# sick betta? (pics)



## ashleyy (Sep 10, 2010)

hi everyone, a week ago i went to walmart to see if they still had bettas. and boy, im sure you all know how terrible they were kept. i had to gently shake the containers to even see if there was a fish in there! so i decided to take one in, i picked the most liviliest one and i got a tank that said it was for betta fish. it was under a gallon. i also got Start Right complete water conditioner, and Wardley's Betta Food Pellets 40% protein. i set up the little tank and made sure it was room temp. but letting him in. 

i went home and researched everything and realized i needed a bigger tank. so i got a large critter tote, hydor mini for the winter, thermometer, and an ammonia indicator. im worried that he is seeing his relfection in this tank. but i know some of you guys have your betta in this tote so im assuming he is okay. 

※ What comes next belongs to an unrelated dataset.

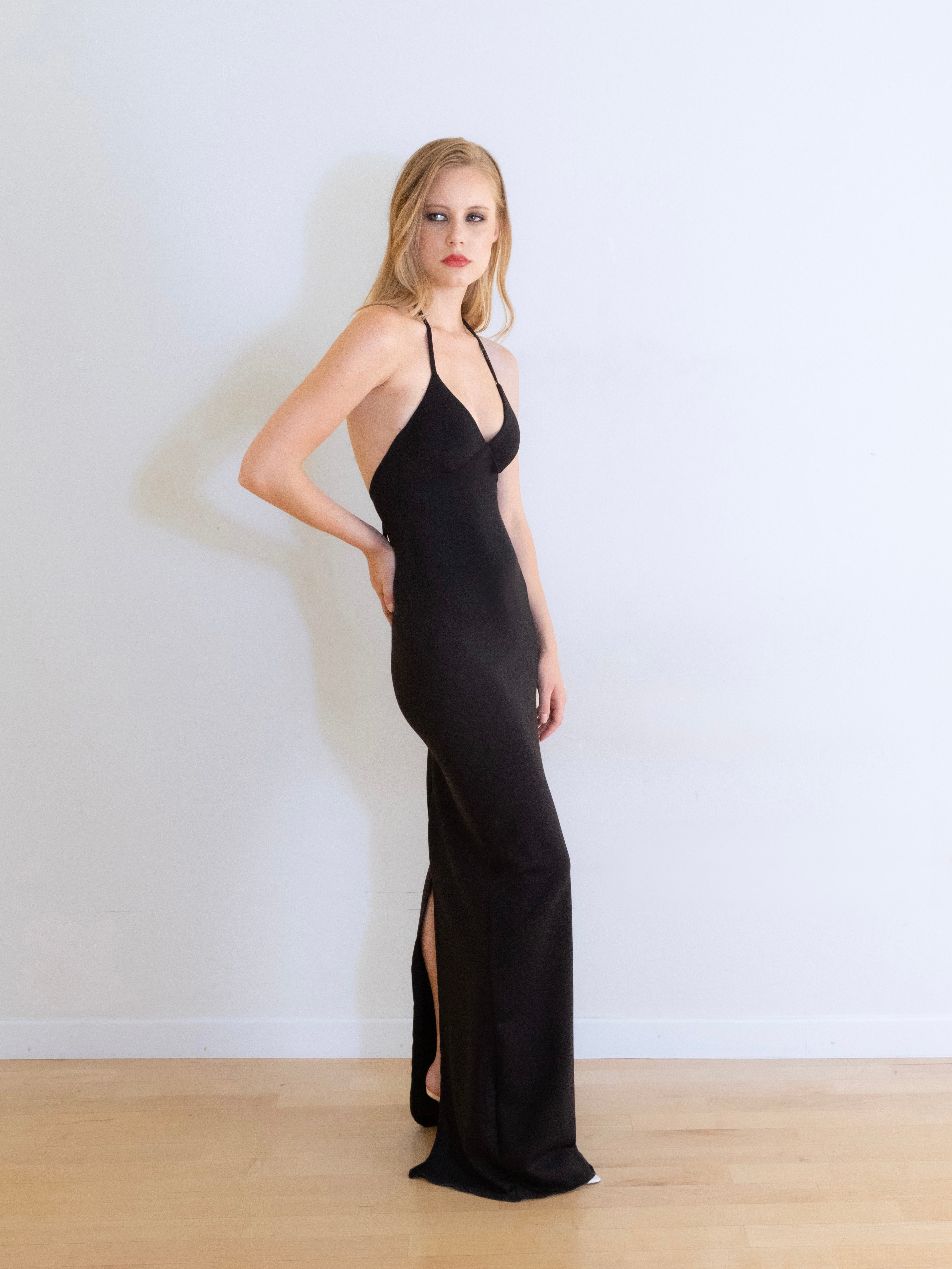 A model wearing the pia knit maxi dress in a white background. Made from soft, stretchy deadstock knit fabric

he is sort of lethargic for the exception of when he totally freaks out whenever i go near the tank. (hes gotten better about that now). he isnt seeming to be eating. and his stomach looks swollen, so i fed him bits of a mushed up pea and i saw him poop. i didnt feed him for the rest of the day or the next. now im giving pellets again and i dont think hes eating it. his stomach still looks swollen and his back viewed from above has a slight S shape to it.

his fins also look terrible. not beautiful like the pictures of your betta fishes. they almost look like they were broken off at the tips and some of the tips of his spikes (i guess hes a crown tail?) look like they have a whitish tip to them.

is he sick? will his fins grow back? is there anything i need to be doing? his water is okay and is between 75 and 80 degrees.

also, whenever i do a tank change i always get little bubbles on the inside of the tank and on the ornament. is this okay?

his stomach looks swollen and his fins look terrible 









the S shape


















what i have him in now, do i need anything else in here?


----------



## FuulieQ (Jan 10, 2010)

How often do you change the water?

It will take a while for him to get used to you, so don't worry about the flighty-ness. I actually have had my betta for about a year/year and a half now, and he's only just begun to act like other people say their bettas do (begging for food, greeting me when I come in, etc). It usually doesn't take that long, my fish is just weird. But he'll come around. 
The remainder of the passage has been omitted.